#### ENTRIES SHOWN ####
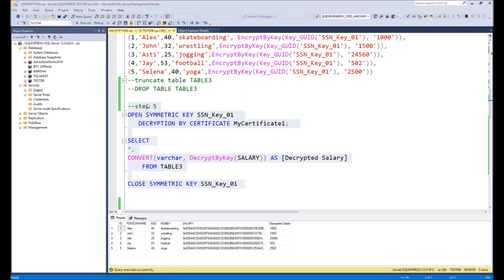We did all actions as a system administrator who has all rights to the database and encryption itself. In real life, users who have access to the database and data are divided into powerful users and less powerful users. Now I will show you how to create users in the database and grant access to encrypted columns for them.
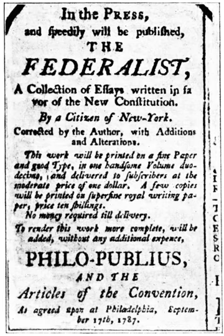May 12: A ratifying convention begins in South Carolina. May 23: South Carolina becomes the eighth state to ratify the Constitution 149–73. In addition to ratifying the Constitution, South Carolina requests that two alterations be made to it. June 2: A ratifying convention begins in Virginia. June 17: A ratifying convention begins in New York. June 18: A ratifying convention begins in New Hampshire. June 21: New Hampshire becomes the ninth state to ratify the Constitution 57–47. In addition to ratifying the Constitution, New Hampshire requests that twelve alterations be made to it.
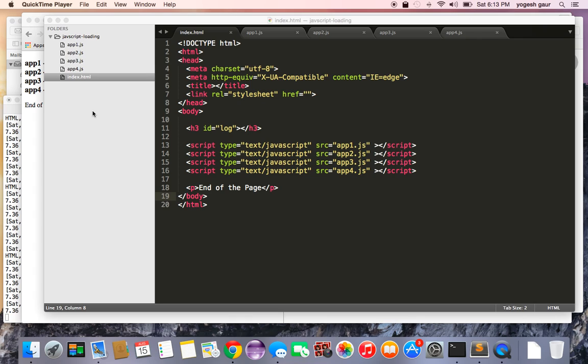I would like to talk about JavaScript loading and how you can use it to your advantage to improve the loading of your page and processing. So let's get started.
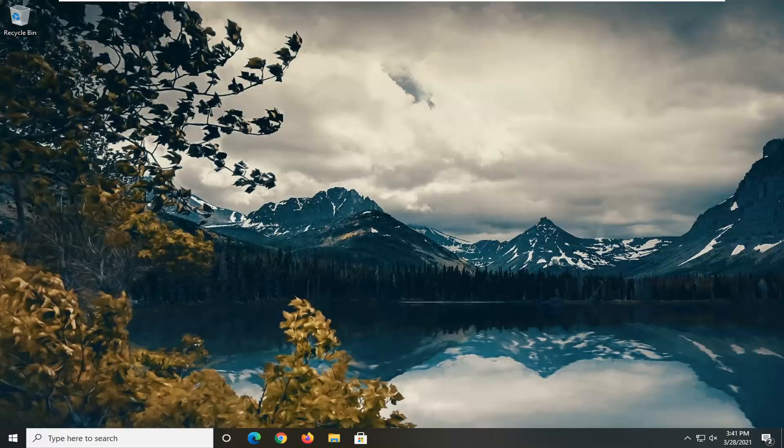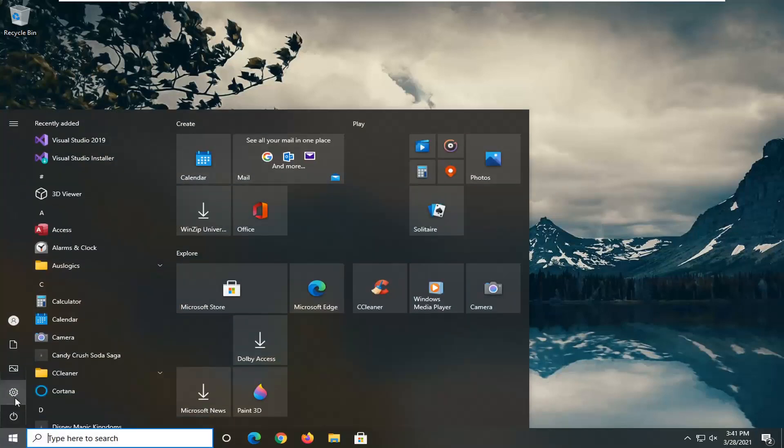This should hopefully be a pretty straightforward tutorial, guys. And without further ado, let's go ahead and jump right into it. So first thing we're going to do is open up the start menu.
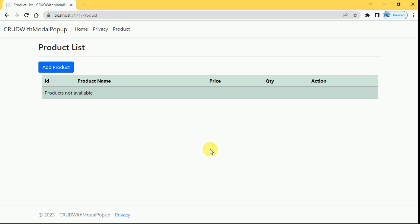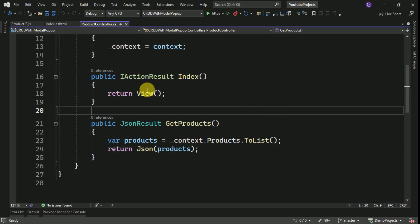Hi friends, welcome back. In the previous session we discussed how to read data in an ASP.NET Core MVC application using Ajax. In this session we are going to insert data into a table by using a modal popup. Whenever the user clicks on the Add Product button, we are going to display the modal popup and submit the data into the database.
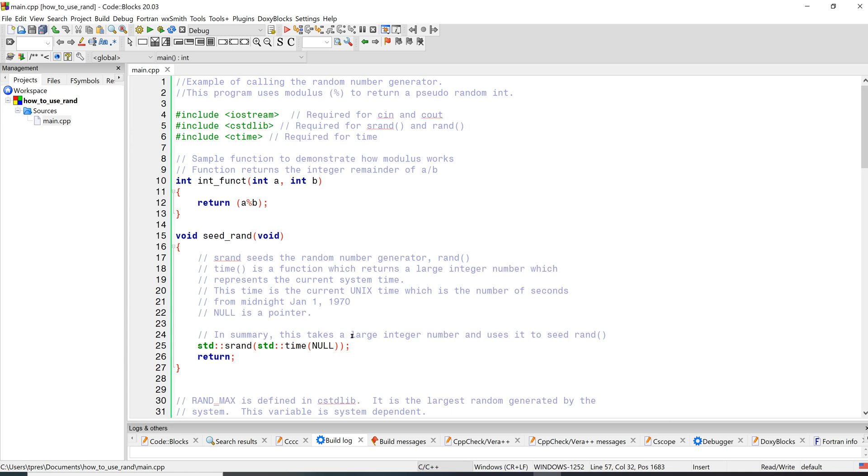But in order to do this, we'll have to add another include file, so we have to include ctime. And then you do std::srand, open parenthesis, and then std::time, and then in the parenthesis this has to be in all caps, N-U-L-L. This is the null pointer. You just have to send time a pointer in order for it to return the system time.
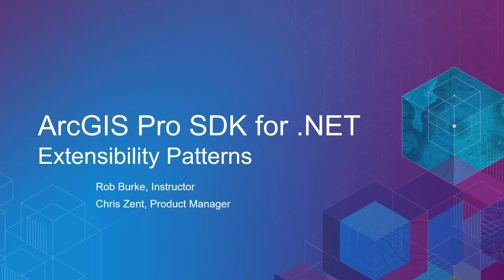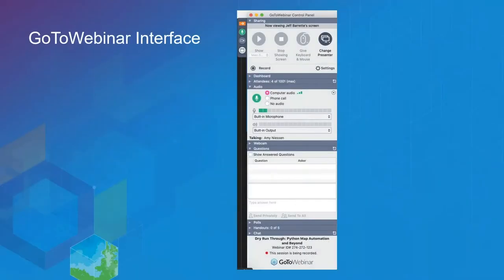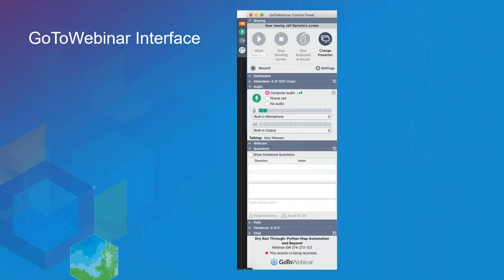We hope you get as much or more out of this webinar than you anticipated. Today's webinar is ArcGIS Pro SDK for .NET Extensibility Patterns. Before we get started, I'd like to go over a few items so you know how to participate. You can listen using your computer's speaker system by default, or select Use Telephone in the Audio pane. You can submit text questions to today's presenters by typing into the Questions pane. We'll address them during the Q&A session at the end. I'd now like to introduce one of our presenters, Chris Zent.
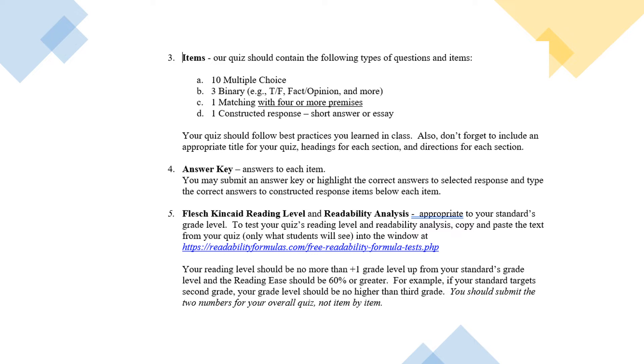Now those tip sheets that I've been giving you, you should be able to use. Use those because if you don't follow the tips, you'll be asked to revise. So for example, when you're developing your multiple choice items, make sure that your responses to multiple choice are all alphabetized, which is a tip in the tip sheet.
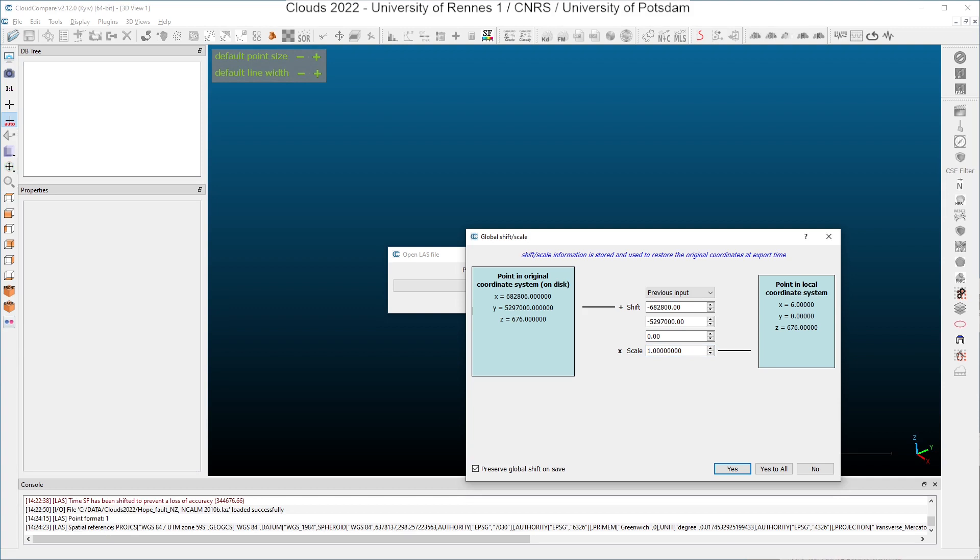The global shift is a shift that is calculated by CloudCompare to recenter your point cloud around the point zero of the coordinate system. This is done because coordinates in CloudCompare are coded on 32 bits and the resolution you can get on 32 bits floating number is not the same as the one on 64 or 128 bits floating number. And if you want to keep a good resolution, even if you are using 32 bits floating number, you will have to shift them.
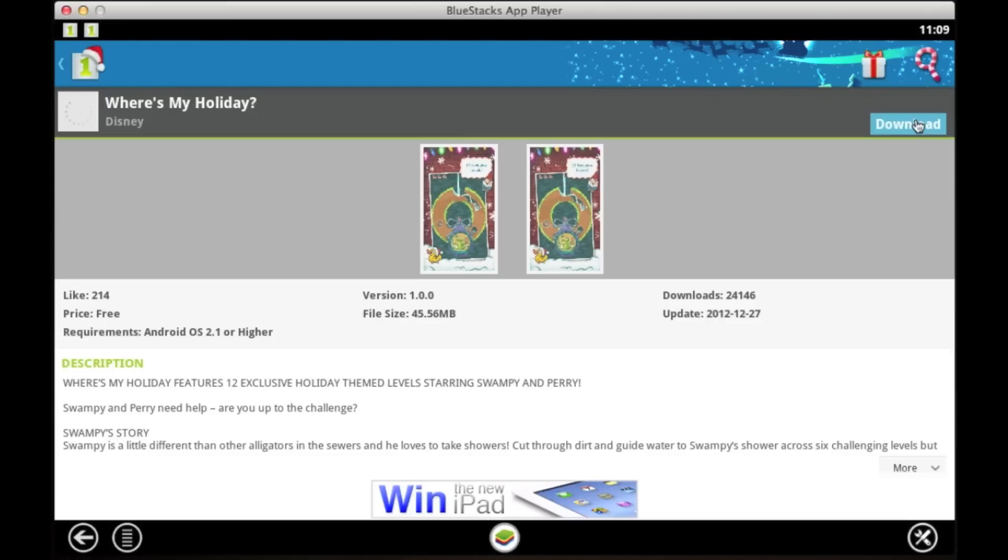You can find this on bluestacks.com. That's bluestacks.com. Free download Windows or PC, and check it out. This is Mark from Equity App Reviews, signing off.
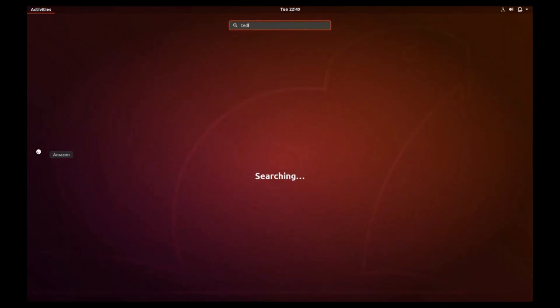Since you're more than likely not going to have GParted installed on your Ubuntu setup initially, open the terminal session using the super key.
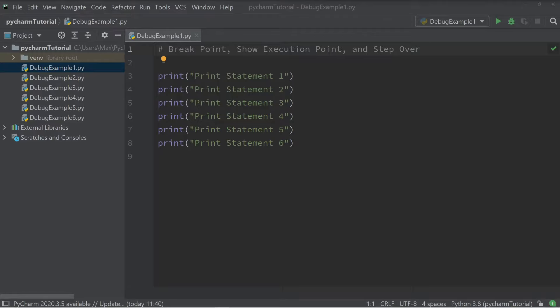Hey everybody, in this video I'm going to talk about the PyCharm debugger. The PyCharm debugger is really helpful when it comes down to finding mistakes that you've made in your code, and it becomes particularly useful when you have long blocks of code that you need to check for mistakes.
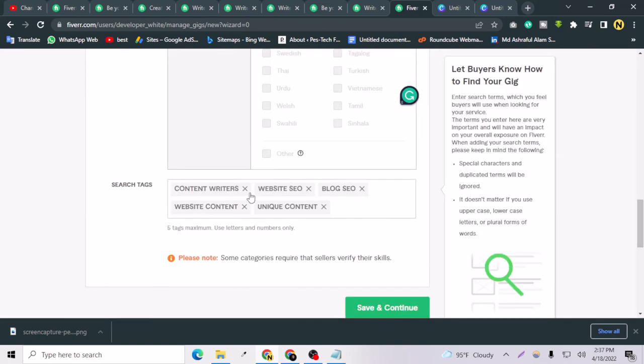Please don't forget to apply the right search text here. Inshallah, that will rank your gig to the higher pages of Fiverr. So that was today's video. I will create another video on Fiverr SEO, Fiverr gig SEO, and how to create a gig on Fiverr.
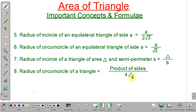Next: radius of the circumcircle of a general triangle equals the product of all sides divided by 4 times the area of the triangle. In this lecture we have discussed some important points regarding area of a triangle which will help you in solving problems. Thank you.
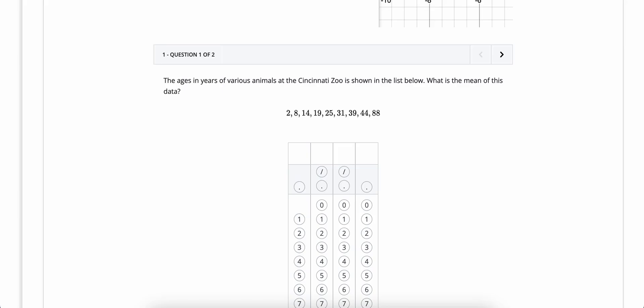Desmos can also do statistics questions for us. So instead of figuring out the average, for example, like we see here, the mean—remember mean and average mean the same thing—we can use Desmos to do all the work for us.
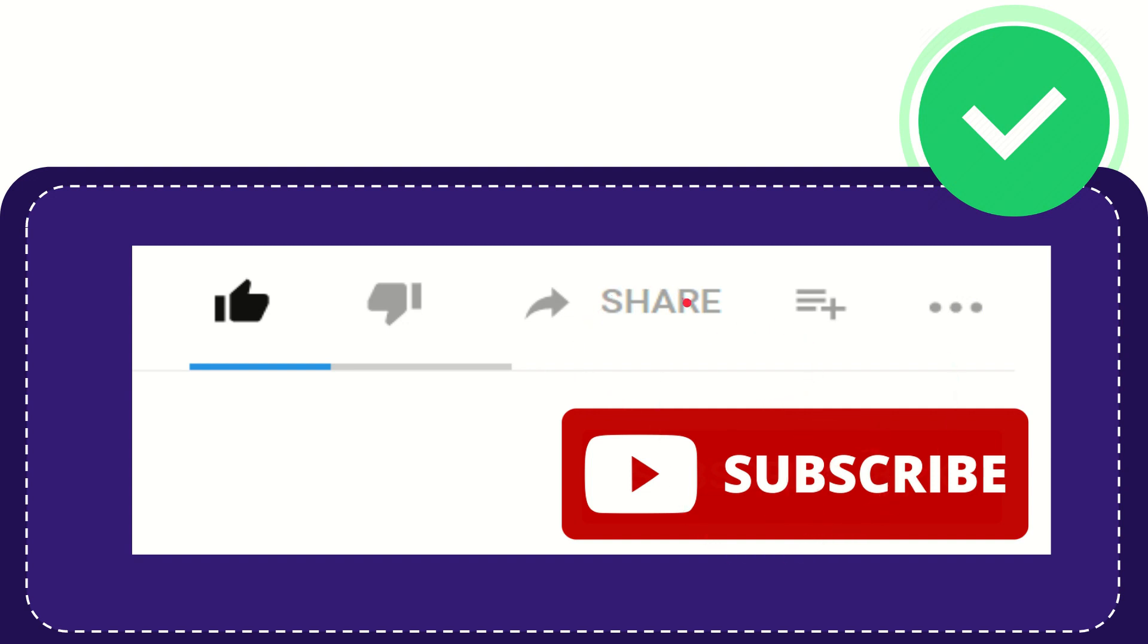I think that's all of it. Thank you so much for watching this video and see you again in another video. Bye bye, see you again.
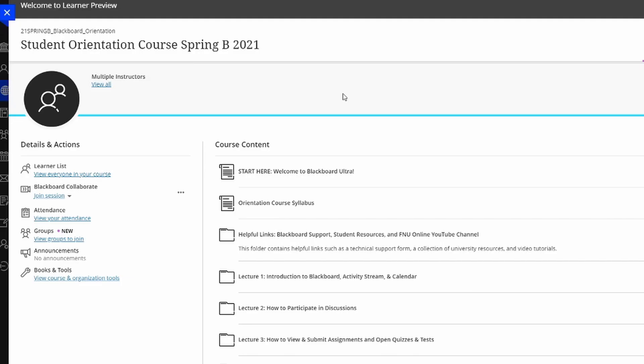Hello and welcome to this video tutorial on how to use Blackboard Collaborate. Blackboard Collaborate is the software that we use here in Florida National University to attend remote classes as well as to attend a professor's virtual office hours.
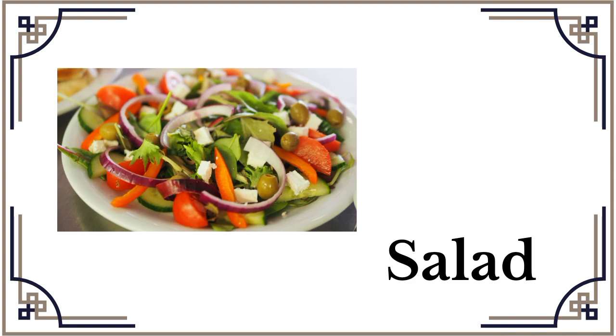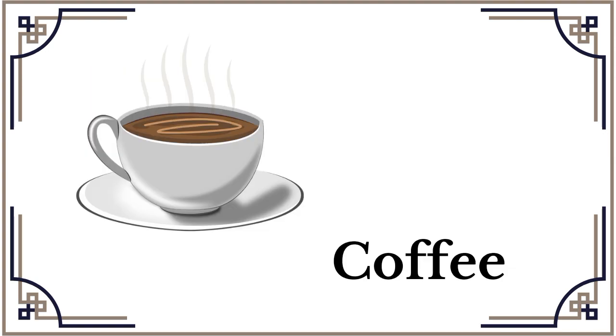Salad, salad, salad salad. Salad, coffee. Coffee.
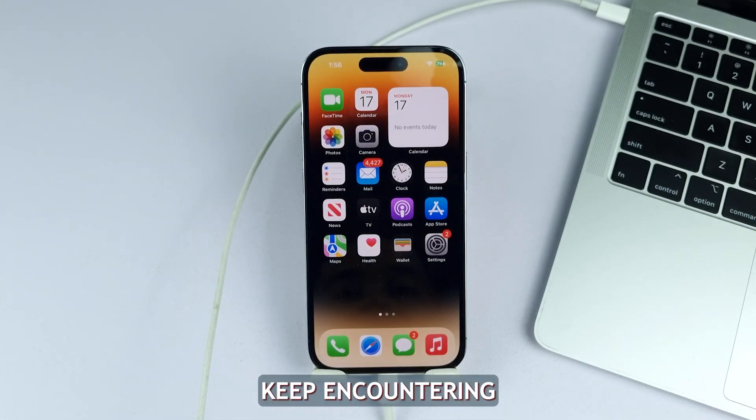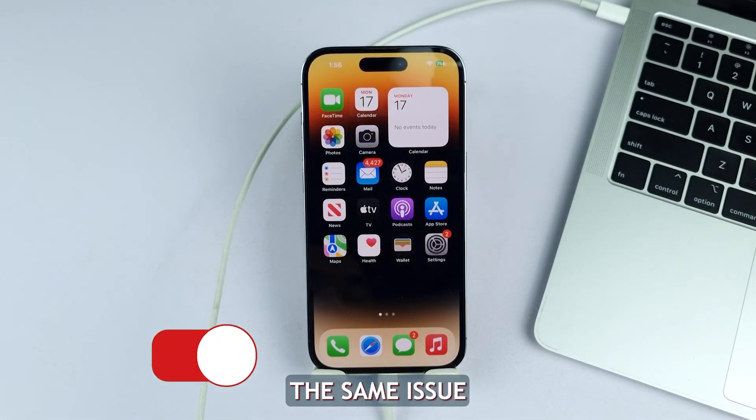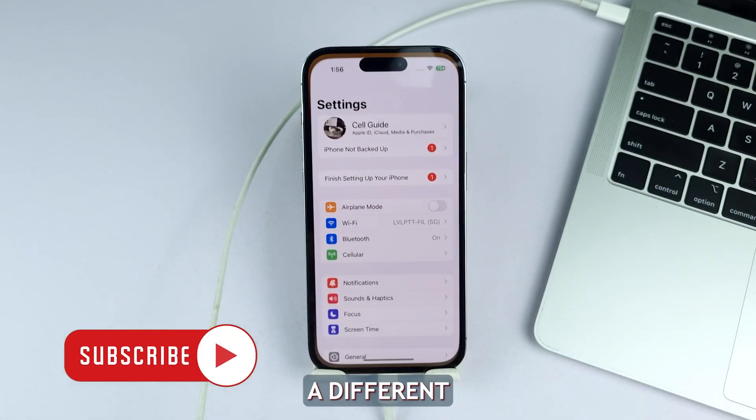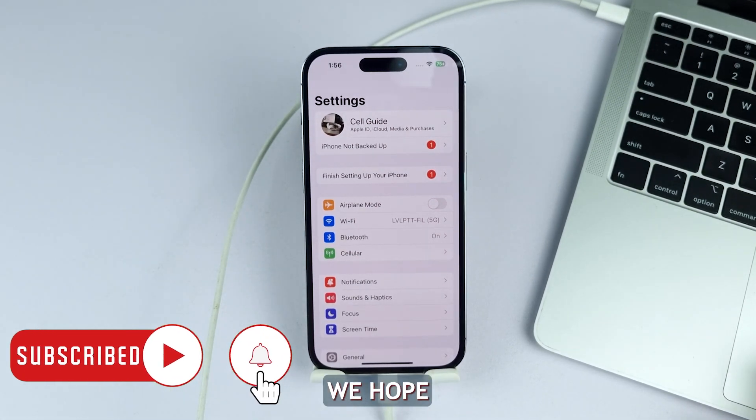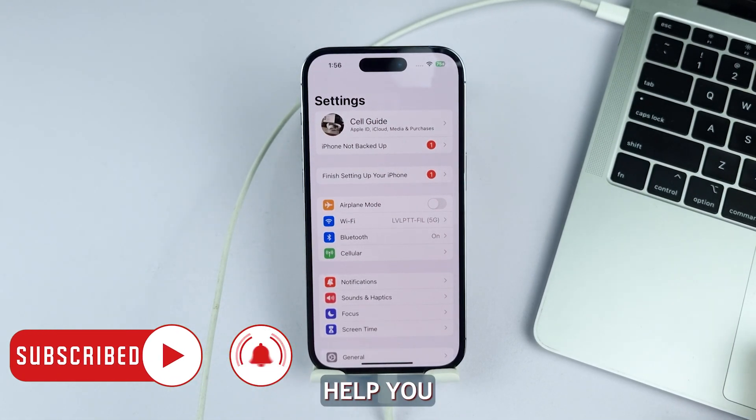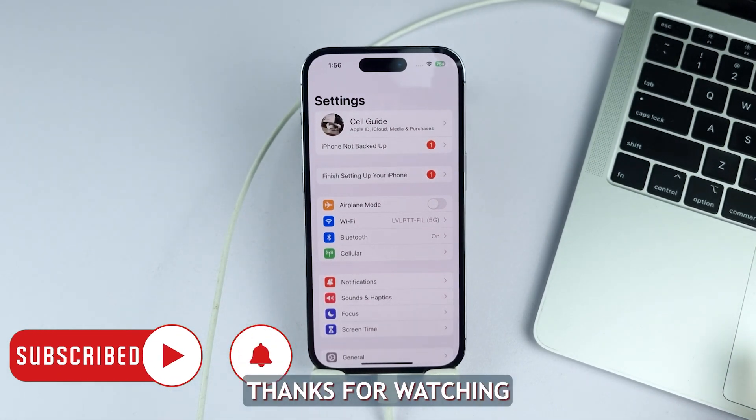Should you keep encountering the same issue, try using a different data cable or have your iPhone checked. We hope this guide can help you. Thanks for watching.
####
■ WHAT TO PRODUCE: Could you copy, exactly and with no pictures, each line from the first one above to the line holding "Hi friends, welcome"?

■ THE COMPLETED TASK:
We did all actions as a system administrator who has all rights to the database and encryption itself. In real life, users who have access to the database and data are divided into powerful users and less powerful users. Now I will show you how to create users in the database and grant access to encrypted columns for them.
May 12: A ratifying convention begins in South Carolina. May 23: South Carolina becomes the eighth state to ratify the Constitution 149–73. In addition to ratifying the Constitution, South Carolina requests that two alterations be made to it. June 2: A ratifying convention begins in Virginia. June 17: A ratifying convention begins in New York. June 18: A ratifying convention begins in New Hampshire. June 21: New Hampshire becomes the ninth state to ratify the Constitution 57–47. In addition to ratifying the Constitution, New Hampshire requests that twelve alterations be made to it.
I would like to talk about JavaScript loading and how you can use it to your advantage to improve the loading of your page and processing. So let's get started.
This should hopefully be a pretty straightforward tutorial, guys. And without further ado, let's go ahead and jump right into it. So first thing we're going to do is open up the start menu.
Hi friends, welcome back. In the previous session we discussed how to read data in an ASP.NET Core MVC application using Ajax. In this session we are going to insert data into a table by using a modal popup. Whenever the user clicks on the Add Product button, we are going to display the modal popup and submit the data into the database.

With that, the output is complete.